▸ Your assignment: Write out again the entries from the first line to the line that includes "Red Jeep Wrangler", keeping both of those lines.

--- Excerpted data Enclosed Below ---

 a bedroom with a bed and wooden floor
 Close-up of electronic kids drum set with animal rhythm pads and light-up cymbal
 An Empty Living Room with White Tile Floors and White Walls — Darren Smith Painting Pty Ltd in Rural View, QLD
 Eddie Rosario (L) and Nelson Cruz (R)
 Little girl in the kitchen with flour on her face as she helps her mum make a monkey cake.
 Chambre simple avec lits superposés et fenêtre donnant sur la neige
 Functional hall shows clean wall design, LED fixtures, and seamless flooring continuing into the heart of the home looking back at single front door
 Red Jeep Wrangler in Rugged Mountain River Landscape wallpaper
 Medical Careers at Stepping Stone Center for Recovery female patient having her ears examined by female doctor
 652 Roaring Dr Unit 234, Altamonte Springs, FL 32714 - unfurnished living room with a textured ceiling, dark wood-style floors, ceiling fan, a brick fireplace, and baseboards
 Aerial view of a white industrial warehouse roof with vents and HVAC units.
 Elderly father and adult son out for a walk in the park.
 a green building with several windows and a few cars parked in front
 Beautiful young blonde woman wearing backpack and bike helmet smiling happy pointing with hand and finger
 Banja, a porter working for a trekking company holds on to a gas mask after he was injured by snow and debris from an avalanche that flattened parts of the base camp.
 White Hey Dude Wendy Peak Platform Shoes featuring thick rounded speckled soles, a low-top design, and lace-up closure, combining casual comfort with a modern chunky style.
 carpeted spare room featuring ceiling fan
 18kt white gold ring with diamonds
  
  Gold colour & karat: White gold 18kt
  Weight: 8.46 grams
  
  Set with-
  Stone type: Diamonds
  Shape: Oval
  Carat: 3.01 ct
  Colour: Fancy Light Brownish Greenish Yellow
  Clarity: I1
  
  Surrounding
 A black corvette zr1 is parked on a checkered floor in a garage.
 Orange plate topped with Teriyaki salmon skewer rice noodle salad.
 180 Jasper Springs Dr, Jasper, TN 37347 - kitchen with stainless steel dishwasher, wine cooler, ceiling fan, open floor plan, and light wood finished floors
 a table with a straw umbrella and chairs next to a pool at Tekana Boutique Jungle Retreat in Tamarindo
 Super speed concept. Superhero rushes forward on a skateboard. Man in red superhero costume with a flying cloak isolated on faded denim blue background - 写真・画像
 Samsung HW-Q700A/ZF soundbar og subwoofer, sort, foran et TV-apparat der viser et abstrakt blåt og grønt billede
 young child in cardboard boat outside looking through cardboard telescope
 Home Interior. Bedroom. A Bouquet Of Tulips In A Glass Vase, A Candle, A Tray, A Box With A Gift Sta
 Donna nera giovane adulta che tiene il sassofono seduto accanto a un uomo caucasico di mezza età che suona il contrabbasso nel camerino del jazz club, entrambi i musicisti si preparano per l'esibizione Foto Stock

--- End of Enclosed Excerpted data ---

▸ Your response:
 a bedroom with a bed and wooden floor
 Close-up of electronic kids drum set with animal rhythm pads and light-up cymbal
 An Empty Living Room with White Tile Floors and White Walls — Darren Smith Painting Pty Ltd in Rural View, QLD
 Eddie Rosario (L) and Nelson Cruz (R)
 Little girl in the kitchen with flour on her face as she helps her mum make a monkey cake.
 Chambre simple avec lits superposés et fenêtre donnant sur la neige
 Functional hall shows clean wall design, LED fixtures, and seamless flooring continuing into the heart of the home looking back at single front door
 Red Jeep Wrangler in Rugged Mountain River Landscape wallpaper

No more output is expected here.